Rahul Verma writes in ThePrint about BJP’s two-pronged strategy to dismantle Sharad Pawar’s empire in order to rise in Maharashtra. He explains that the amendment of the Maharashtra Cooperative Societies Act enabled the BJP to gain control of sugar and milk cooperatives, local bodies, and cooperative banks in rural Maharashtra. Further, the investigation into the financial mismanagement in Maharashtra State Cooperative (MSC) Bank during the previous regime and cases against members of Pawar family and 71 bank directors, created unease among many Congress-NCP politicians who feared a similar hunt-down. The declining value of contesting on the Congress-NCP ticket further added to the anxieties among these politicians and brought many of these local satraps in the BJP-Shiv Sena fold.
Rahul Verma writes in TalkPoint by ThePrint about the reasons for the weakening of the opposition. He highlights that the opposition has not done enough to raise issues, mobilise voters, and enthuse workers on the ground. Further, the projection of the BJP’s national dominance is making the opposition look further disarrayed.
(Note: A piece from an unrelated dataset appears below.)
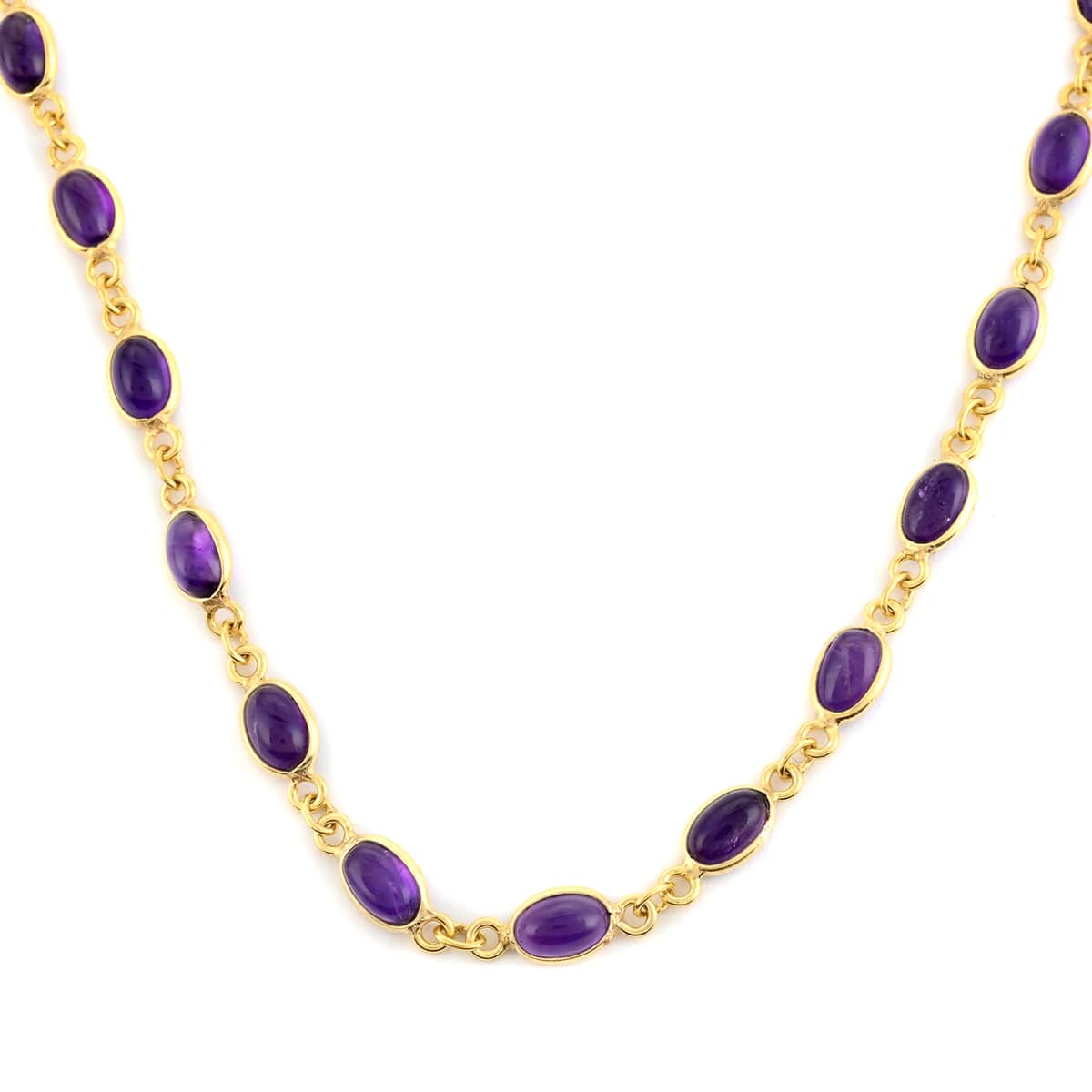 Amethyst Necklace 18 Inches in 14K Yellow Gold Over Sterling Silver 7.90 Grams 12.60 ctw image number 0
Voters also do not perceive the opposition as credible enough. The fragmentation of the opposition has brought down the value of the tickets of these parties. Finally, Verma also points that the BJP has an added advantage of its national leadership.
Neelanjan Sircar writes in TalkPoint by ThePrint highlighting that even though the Haryana and Maharashtra assembly elections might be a no-contest battle for the BJP, we should not extrapolate this electoral environment to future state elections. He points to the results of the 2018 assembly elections in Chhattisgarh, Madhya Pradesh, and Rajasthan that show that Congress’ state units can win elections independently of the party’s fortunes at the national level.
Rahul Verma appeared on an episode of The Big Picture by Hindustan Times to discuss significance of these assembly elections. He also explained how the BJP has maintained its dominance and what the crisis in the Congress is.